-- GIVEN DATA follows --

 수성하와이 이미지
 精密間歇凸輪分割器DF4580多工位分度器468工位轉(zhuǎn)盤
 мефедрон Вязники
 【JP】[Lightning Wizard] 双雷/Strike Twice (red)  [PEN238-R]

-- GIVEN DATA concluded --
-- GIVEN DATA follows --

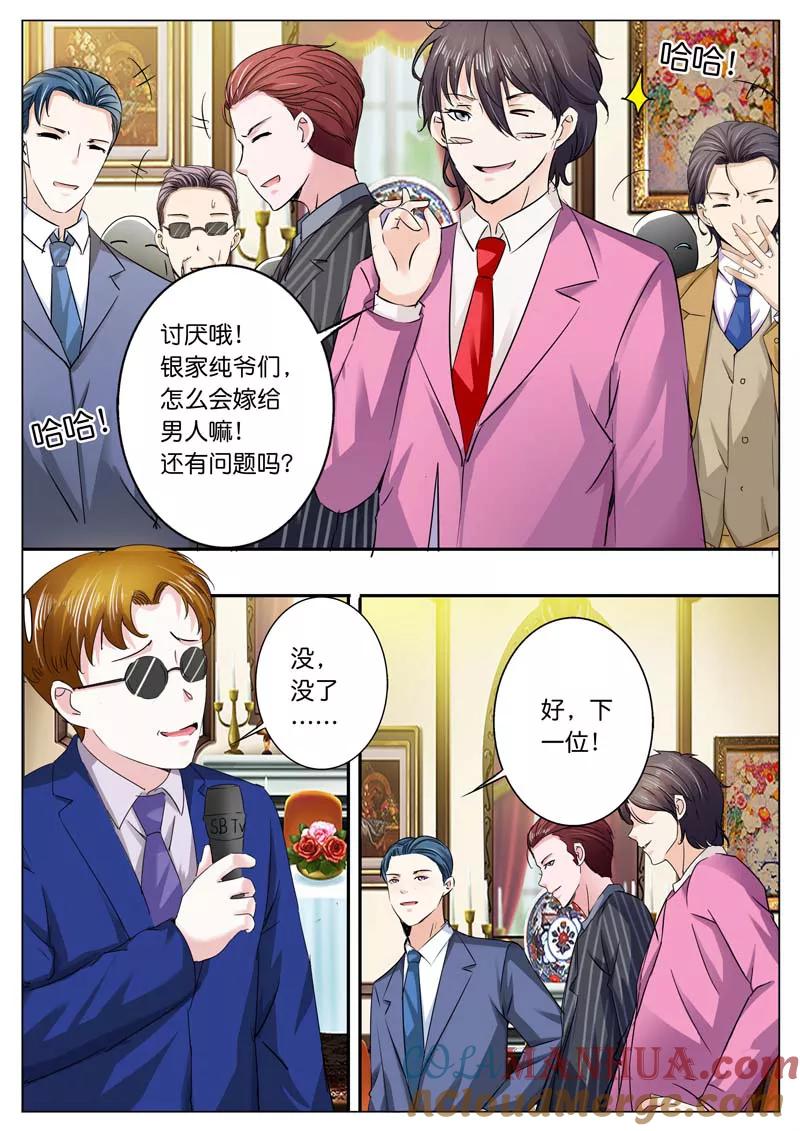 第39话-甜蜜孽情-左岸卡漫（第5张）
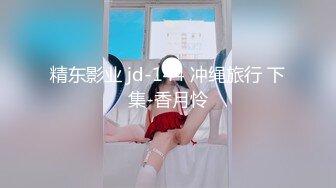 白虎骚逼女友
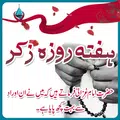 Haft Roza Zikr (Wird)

-- GIVEN DATA concluded --

PROBLEM DETAILS. Wherever the line holding "мефедрон Вязники" falls in the entries above, copy exactly from it through the line holding "Wizard] 双雷/Strike Twice", inclusive, and add nothing.

SOLUTION FOR THIS PROBLEM.
 мефедрон Вязники
 【JP】[Lightning Wizard] 双雷/Strike Twice (red)  [PEN238-R]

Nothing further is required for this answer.